15-4
どす黒いカマキリの様な外観の魔獣の群れを壊滅させ、一向は森を北の方向へと進む。
北以外の方向は全て掃討が完了している為、後は残りの魔獣を倒しながら鉱山の方向へと行くだけだ。昼の段階でこの進捗なら、夕方までには余裕で鉱山に辿り着けそうだ。
昨日森の中央部に簡易の休憩所を作っており、本日もこの休憩所を使って休憩をとる。
「眠気は飛んだのか?」
「お陰様で何とか……」
向かいの切株に座り、紅茶を飲むパリエロがジャックを気にかけてくれるが、ジャックとしては、さっき助けられたという事もあり、居心地悪く感じる。

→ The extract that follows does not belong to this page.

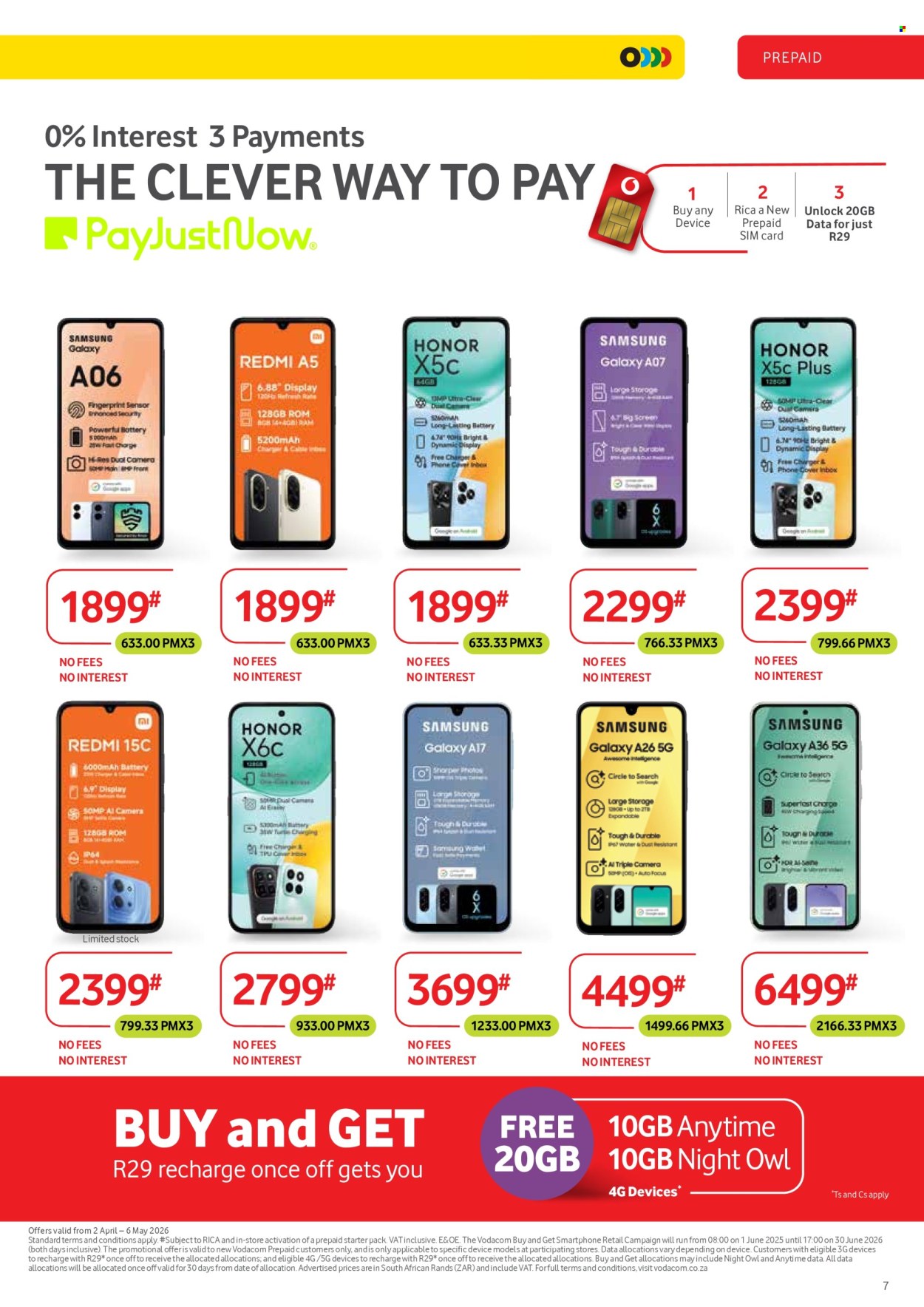 Makro specials - 02/04/2026 - 06/05/2026. Page 7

「今日はかなり順調だから、15時あたりまでに北部の掃討は終わりそうだな。日没までの間に鉱山の南側も綺麗にしとくか」
「そうですね。前倒しでやっておいたほうが、日程に余裕が出来そうですし」
「だな。お前の働きに期待してるからな。そろそろ本気だせよ」
その言葉にギクリとする。
今回の作戦の中で、ジャックはまだエクスカリバーの特殊な力を使っていない。ただの切れ味良い両手剣としてのみ使用している。きっとパリエロはそれを見抜いているのだろう。
「パリエロ副師団長!! 大変です!!」
軍属の男が慌てた様子で休憩所に駆けこんで来た。確か北部への先遣隊の一人だったはずだ。
「何事だ?」
「奥の方に、記録に無い魔獣が居ました! かなりデカくて、我々では対処不可能と判断して引き返してまいりました」
(未確認の魔獣か。慌ててる所を見ると、かなりヤバい見た目なのか……)
先遣隊のこの男はジャックより階級が上で、記憶が確かなら中尉だったはずだ。その男が戦わずして戻ってくるという事は、厄介な存在なのだろうと予想を立てる。
「その魔獣の特徴は? 同一の個体が複数いるのか?」
「幸い1匹だけでした。4つ足歩行で、体長が恐らく20mはあるかと……」
「それはでかいな……」「巨大ですね……」
男の説明にジャックとパリエロは顔を顰めた。
「頭部と足がライオン? なんですかね。自分も移動動物園でしか見た事ありませんが……。それと胴には無数の刺があり、迂闊に近づけはしません」
説明を聞いているだけで、寒々しくなる。実物を見たら相当不気味だろう。
作戦前に読み込んで置いた資料にはその様な外観を持つ魔獣は載っていなかった。という事はやはり未確認の個体なんだろう。
「その説明、何か引っかかるな……」
パリエロは男の説明の何が気に入らないのか、首を傾げる。
「パリエロ副師団長はその魔獣を知っているんですか?」
「あぁ。とは言っても、ここより遥か南の古代文明の叙事詩の中にそういう外観の存在がいるという事を知識として持っているだけだ。同じ特徴を有しているからといっても、同種の個体だとは限らない」
ジャックの質問に答えるパリエロは、中々勉強熱心な性格の様だ。異国の地の叙事詩などジャックは図書館で手にとった事すらない。もう少し情報を得ようと、ジャックはパリエロに問いかける事にした。
「その叙事詩に他に何か説明は無かったんですか?」
「獣は、神々が住まう森を守る存在だったらしい」
「何かそれ、ちょっと気にかかりますね。神獣なんですか?」
先遣隊の男は、『神獣』という言葉を聞き、怖気づいたかのように後ずさりする。
「その獣――フンババと言う名前なんだが、この国で神獣と見做されている個体の中には居なかったはずだ。だが、能力的には神獣に準じているかもしれない」
「何でそんな存在がウチの領地に……」
ホープレスプラトゥを魔獣から解放する為に、掃討作戦に参加するという事は出発前に両親に説明したハズなのだが、森の守護者とやらの存在の事は何も言っていなかった。
「この地は磁場が安定していないらしいから、その時々の状態で、領主が強力な存在を封印するために利用したものの、後世でまた磁場が変動して自然に封印が解けてしまうなんて事もあるのかもしれない。領主に封印していた事を伝えてもらいたいとも思うがな」
ジャックの心を読むかの様なパリエロの言葉にジャックは頷いた。